Q. The three guys at the top of the board, yourself and Ernie and Fred, guys that everybody says are tailor made for this golf course, that being the case, if you've got similar conditions to this tomorrow, what's it going to take for you?

TIGER WOODS: We're still going to have to make birdies. This golf course -- obviously the pins are difficult. We'll have some new ones tomorrow, but overall with technology the way it is and the way these guys are able to play, you can't sit there and make pars and expect to win a tournament.

Q. How many birdies?

TIGER WOODS: If I make 18 I'll be looking pretty good (laughter).

Q. How many times did you hit the driver today?

TIGER WOODS: I don't know. Let's see. One.

Q. Did you have other opportunities where you wished you would have hit the driver afterwards?

TIGER WOODS: No. The fairways are starting to dry out. Sorry, 2. I hit driver on 10, as well. Some of the holes -- I wanted to hit driver today on 11, but when we played 10 it was downwind, when we got to 11 it was back in our face again. It kept switching. I couldn't hit driver there. If it would have stayed where it was on 10 when we got to the 11th tee I would have been able to hit driver.

Q. Do you always hit it on 10?

TIGER WOODS: Unless it's downwind, because if it's downwind I have to take it over that tree, and that's just not the line you want to take.

Q. How big was the birdie on 15, given the kind of momentum turn it was around and making bogey there and then you hit it left?

TIGER WOODS: It's one of those things where I knew that I had to make birdie somehow or birdies coming in, because Ernie is playing really well back there and so is Fred, so it would have been -- let me put it this way: I didn't want to make bogey on that hole. If I made par or better, it would have been great, but if I made bogey there, that would have had to force me to birdie the last three holes to get back in the golf tournament.

Q. The bunker shot on 14, was that just a delicate finesse thing?

TIGER WOODS: No, the only thing I couldn't do was land the ball on the green. If you land the ball on the green it's in the water. If I got cute with it, which I did, and kept it in the bunker, the next shot I had an awkward stance, it's an easy bunker shot. The shot I actually thought I could have holed, but if I hit the ball on the green the first time, it's out of here, wet.

Q. The second shot looked awkward.

TIGER WOODS: The stance was awkward but the shot itself was so much easier.
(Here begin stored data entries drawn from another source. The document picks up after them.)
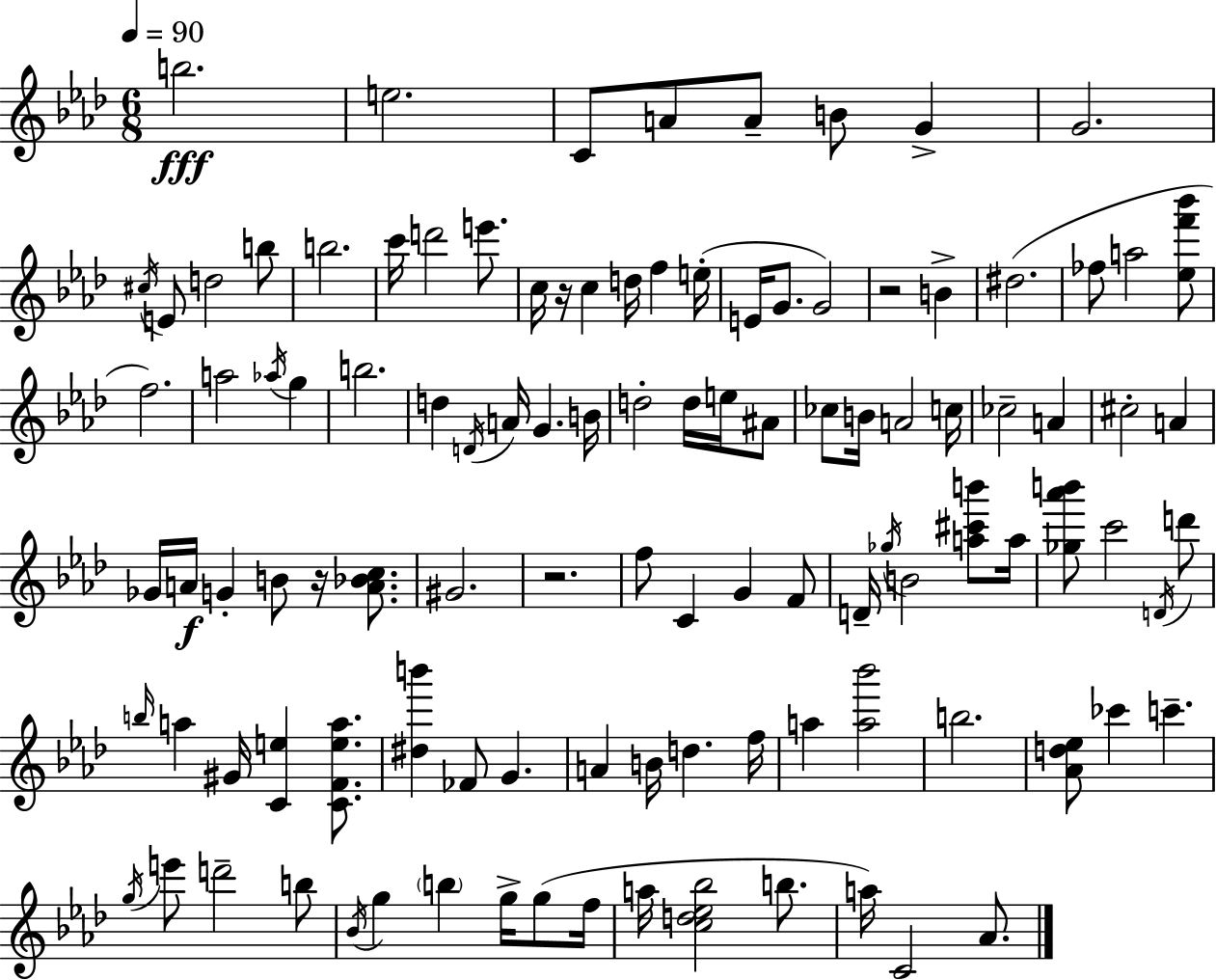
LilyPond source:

{
  \clef treble
  \numericTimeSignature
  \time 6/8
  \key f \minor
  \tempo 4 = 90
  b''2.\fff | e''2. | c'8 a'8 a'8-- b'8 g'4-> | g'2. | \break \acciaccatura { cis''16 } e'8 d''2 b''8 | b''2. | c'''16 d'''2 e'''8. | c''16 r16 c''4 d''16 f''4 | \break e''16-.( e'16 g'8. g'2) | r2 b'4-> | dis''2.( | fes''8 a''2 <ees'' f''' bes'''>8 | \break f''2.) | a''2 \acciaccatura { aes''16 } g''4 | b''2. | d''4 \acciaccatura { d'16 } a'16 g'4. | \break b'16 d''2-. d''16 | e''16 ais'8 ces''8 b'16 a'2 | c''16 ces''2-- a'4 | cis''2-. a'4 | \break ges'16 a'16\f g'4-. b'8 r16 | <a' bes' c''>8. gis'2. | r2. | f''8 c'4 g'4 | \break f'8 d'16-- \acciaccatura { ges''16 } b'2 | <a'' cis''' b'''>8 a''16 <ges'' aes''' b'''>8 c'''2 | \acciaccatura { d'16 } d'''8 \grace { b''16 } a''4 gis'16 <c' e''>4 | <c' f' e'' a''>8. <dis'' b'''>4 fes'8 | \break g'4. a'4 b'16 d''4. | f''16 a''4 <a'' bes'''>2 | b''2. | <aes' d'' ees''>8 ces'''4 | \break c'''4.-- \acciaccatura { g''16 } e'''8 d'''2-- | b''8 \acciaccatura { bes'16 } g''4 | \parenthesize b''4 g''16-> g''8( f''16 a''16 <c'' d'' ees'' bes''>2 | b''8. a''16) c'2 | \break aes'8. \bar "|."
} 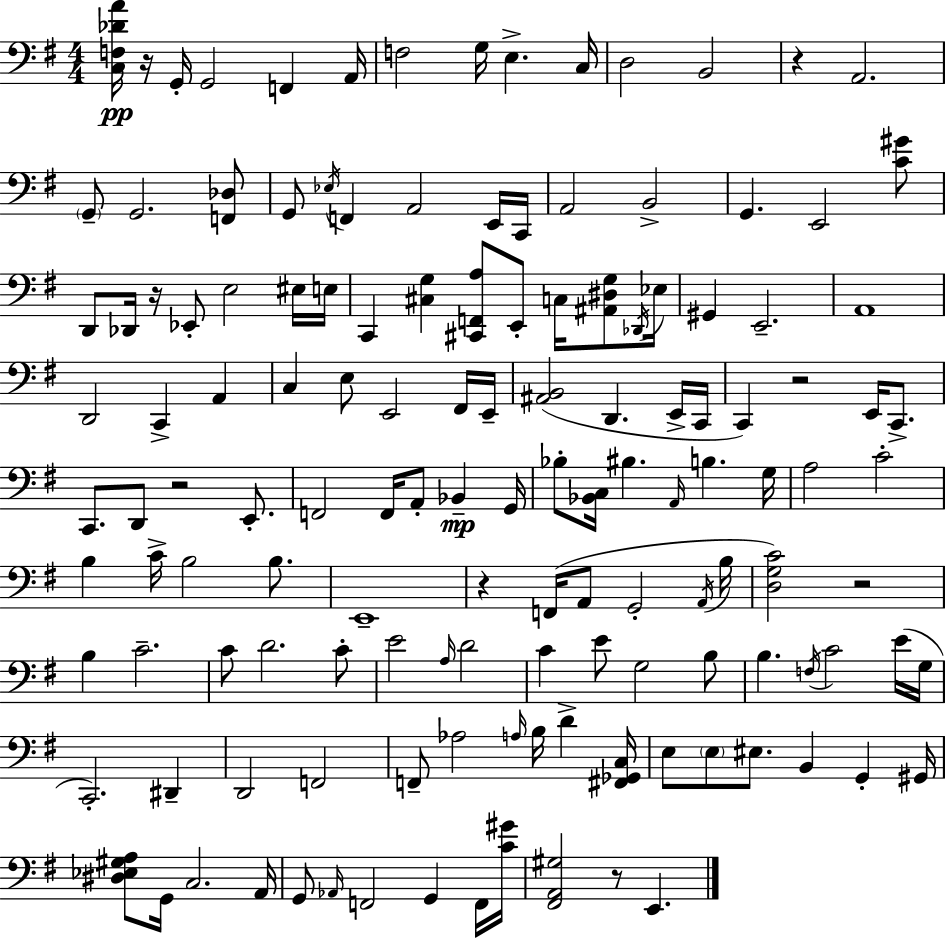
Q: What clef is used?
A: bass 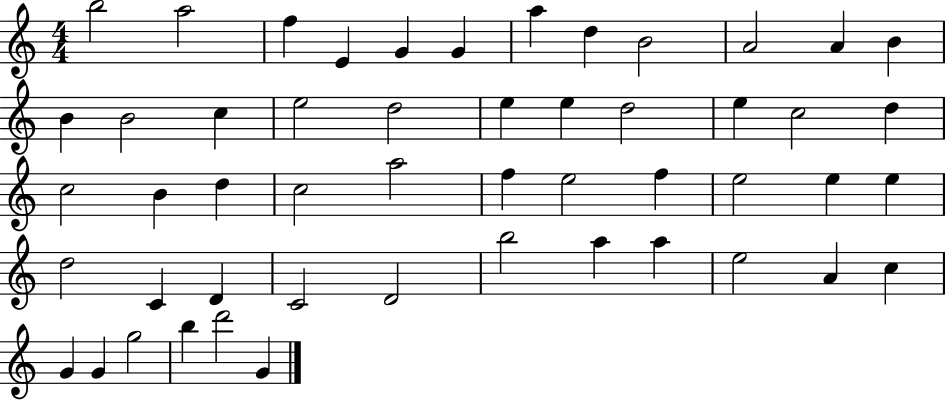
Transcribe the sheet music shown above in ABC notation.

X:1
T:Untitled
M:4/4
L:1/4
K:C
b2 a2 f E G G a d B2 A2 A B B B2 c e2 d2 e e d2 e c2 d c2 B d c2 a2 f e2 f e2 e e d2 C D C2 D2 b2 a a e2 A c G G g2 b d'2 G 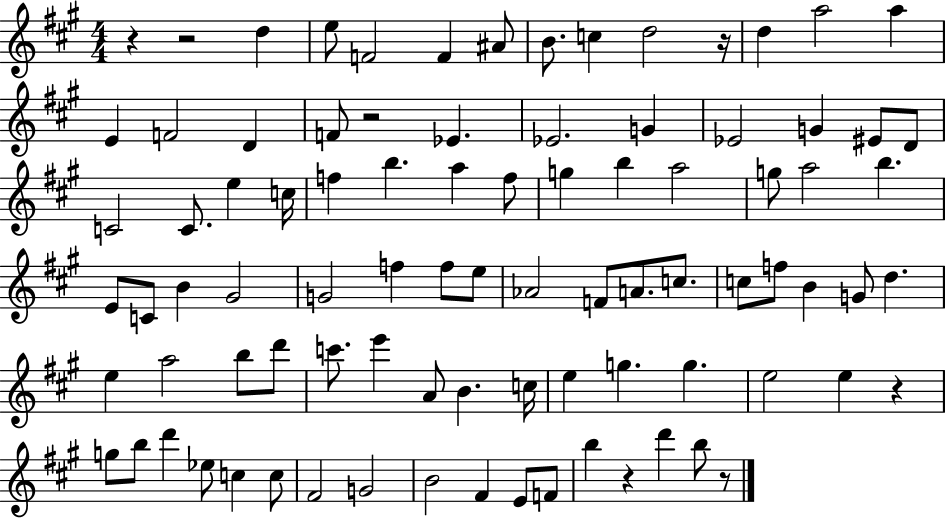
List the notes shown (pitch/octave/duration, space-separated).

R/q R/h D5/q E5/e F4/h F4/q A#4/e B4/e. C5/q D5/h R/s D5/q A5/h A5/q E4/q F4/h D4/q F4/e R/h Eb4/q. Eb4/h. G4/q Eb4/h G4/q EIS4/e D4/e C4/h C4/e. E5/q C5/s F5/q B5/q. A5/q F5/e G5/q B5/q A5/h G5/e A5/h B5/q. E4/e C4/e B4/q G#4/h G4/h F5/q F5/e E5/e Ab4/h F4/e A4/e. C5/e. C5/e F5/e B4/q G4/e D5/q. E5/q A5/h B5/e D6/e C6/e. E6/q A4/e B4/q. C5/s E5/q G5/q. G5/q. E5/h E5/q R/q G5/e B5/e D6/q Eb5/e C5/q C5/e F#4/h G4/h B4/h F#4/q E4/e F4/e B5/q R/q D6/q B5/e R/e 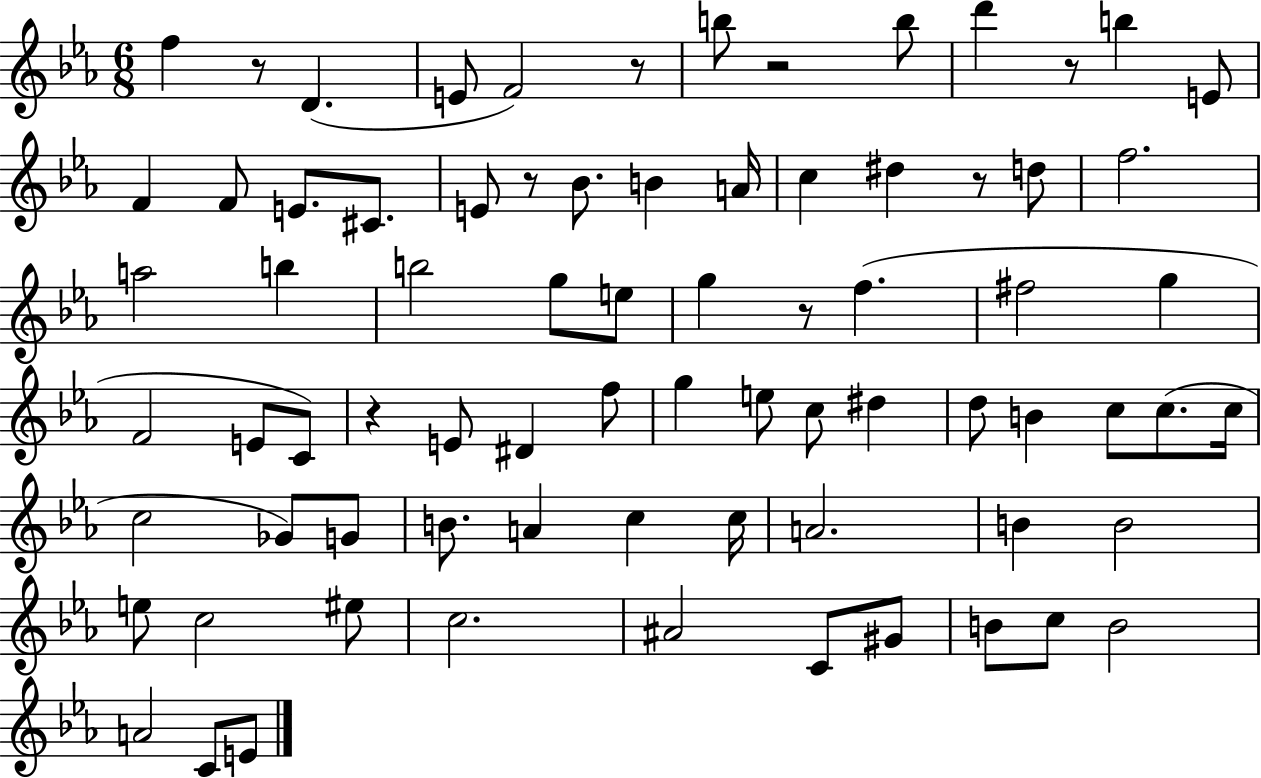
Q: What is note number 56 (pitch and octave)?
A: E5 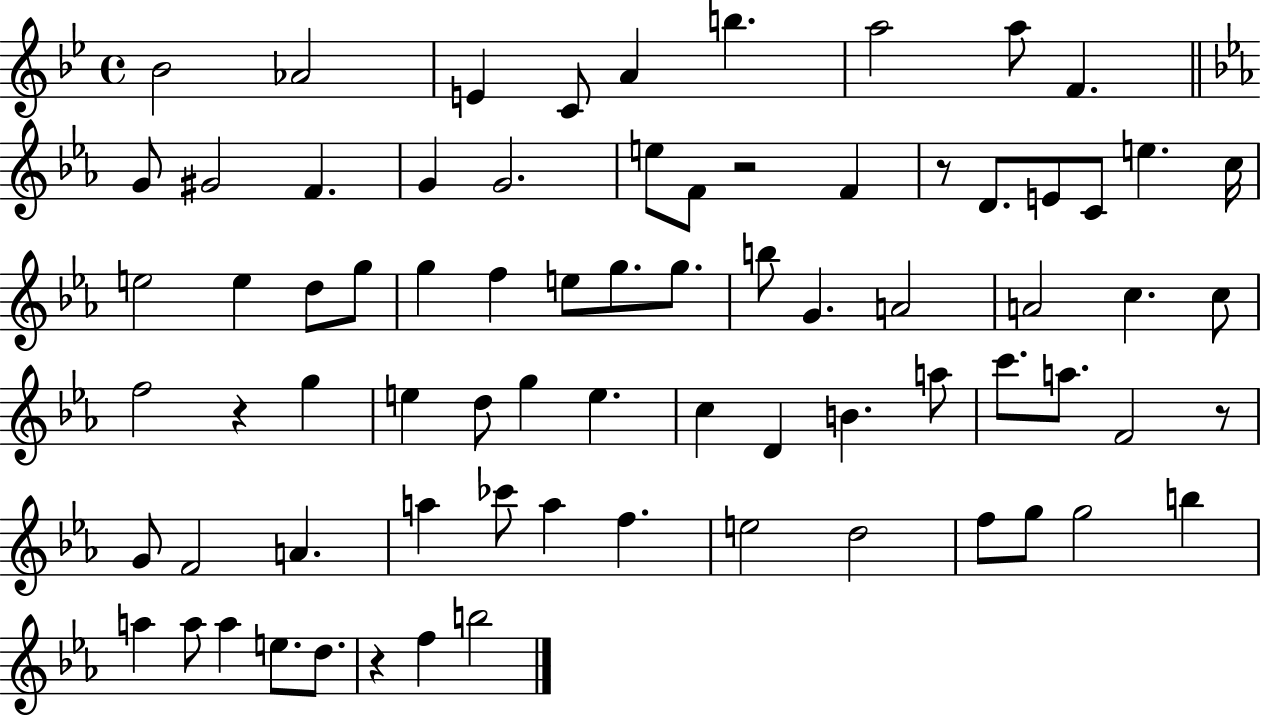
Bb4/h Ab4/h E4/q C4/e A4/q B5/q. A5/h A5/e F4/q. G4/e G#4/h F4/q. G4/q G4/h. E5/e F4/e R/h F4/q R/e D4/e. E4/e C4/e E5/q. C5/s E5/h E5/q D5/e G5/e G5/q F5/q E5/e G5/e. G5/e. B5/e G4/q. A4/h A4/h C5/q. C5/e F5/h R/q G5/q E5/q D5/e G5/q E5/q. C5/q D4/q B4/q. A5/e C6/e. A5/e. F4/h R/e G4/e F4/h A4/q. A5/q CES6/e A5/q F5/q. E5/h D5/h F5/e G5/e G5/h B5/q A5/q A5/e A5/q E5/e. D5/e. R/q F5/q B5/h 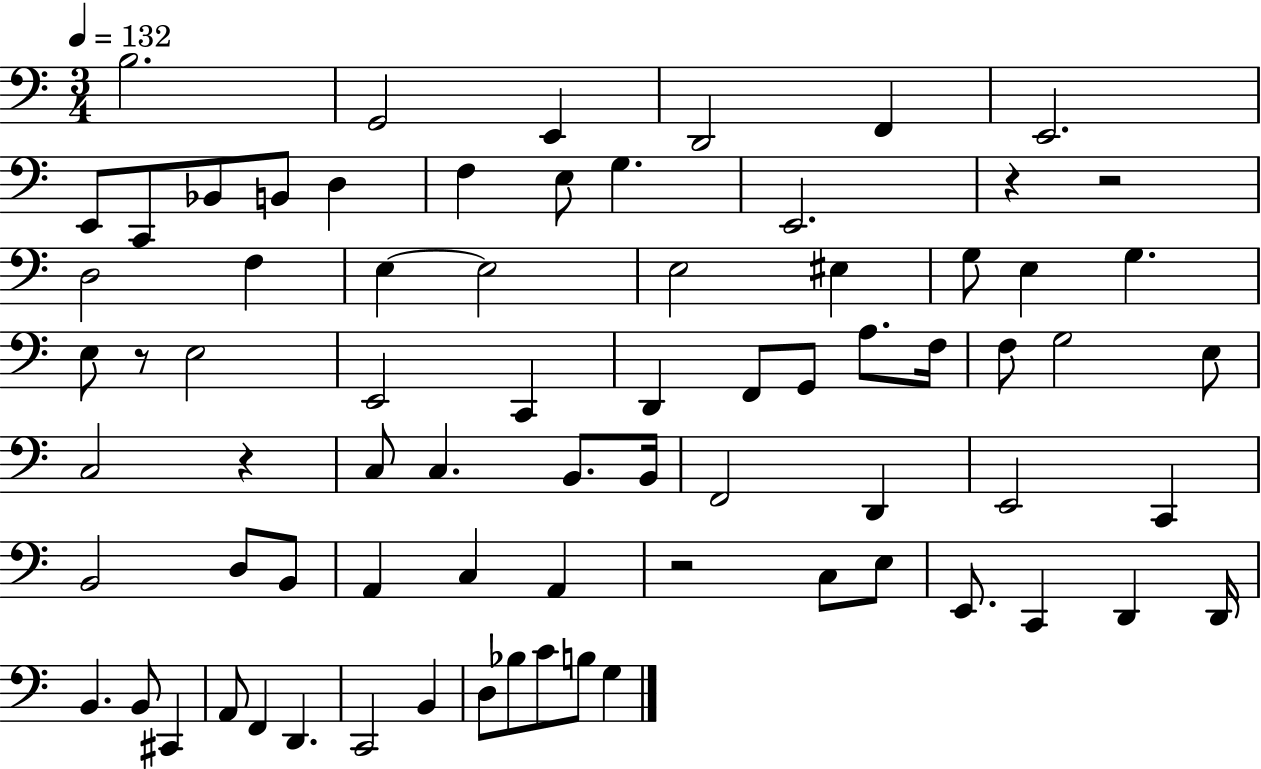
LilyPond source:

{
  \clef bass
  \numericTimeSignature
  \time 3/4
  \key c \major
  \tempo 4 = 132
  b2. | g,2 e,4 | d,2 f,4 | e,2. | \break e,8 c,8 bes,8 b,8 d4 | f4 e8 g4. | e,2. | r4 r2 | \break d2 f4 | e4~~ e2 | e2 eis4 | g8 e4 g4. | \break e8 r8 e2 | e,2 c,4 | d,4 f,8 g,8 a8. f16 | f8 g2 e8 | \break c2 r4 | c8 c4. b,8. b,16 | f,2 d,4 | e,2 c,4 | \break b,2 d8 b,8 | a,4 c4 a,4 | r2 c8 e8 | e,8. c,4 d,4 d,16 | \break b,4. b,8 cis,4 | a,8 f,4 d,4. | c,2 b,4 | d8 bes8 c'8 b8 g4 | \break \bar "|."
}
It was ten times easier than what it was the first time.

TODD BUDNICK: Could we go through the birdies.

TIGER WOODS: 3, I hit a wedge in there to about four feet.

5, I hit a 3-iron just over the green, chipped down there to about a foot.

7, I hit a 2-iron over the green, chipped it down there about three feet, made it.

10, I hit a 9-iron to about seven feet left of the hole.

11, I hit a pitching wedge to about 12 feet right of the hole.

15, bogey. You got that. The putt was about 15 feet. It was four from the right, so 16 feet. I'm sorry, it was 12 feet.

Q. From 50 yards out from the fringe, a wedge?

TIGER WOODS: I hit a full flop 60.

17, I hit a 7-iron up there to about 20 feet right of the hole, made that.

TODD BUDNICK: Thank you.

End of FastScripts.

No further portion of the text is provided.